ABOUT THIS TASK: The data below must be copied in full and without any change.

DATASET EXTRACT:
######

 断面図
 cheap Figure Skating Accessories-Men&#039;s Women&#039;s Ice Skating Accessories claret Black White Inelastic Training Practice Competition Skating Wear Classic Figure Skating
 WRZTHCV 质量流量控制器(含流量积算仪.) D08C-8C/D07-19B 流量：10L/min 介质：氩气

######

RESPONSE FOR THIS EXERCISE:
 断面図
 cheap Figure Skating Accessories-Men&#039;s Women&#039;s Ice Skating Accessories claret Black White Inelastic Training Practice Competition Skating Wear Classic Figure Skating
 WRZTHCV 质量流量控制器(含流量积算仪.) D08C-8C/D07-19B 流量：10L/min 介质：氩气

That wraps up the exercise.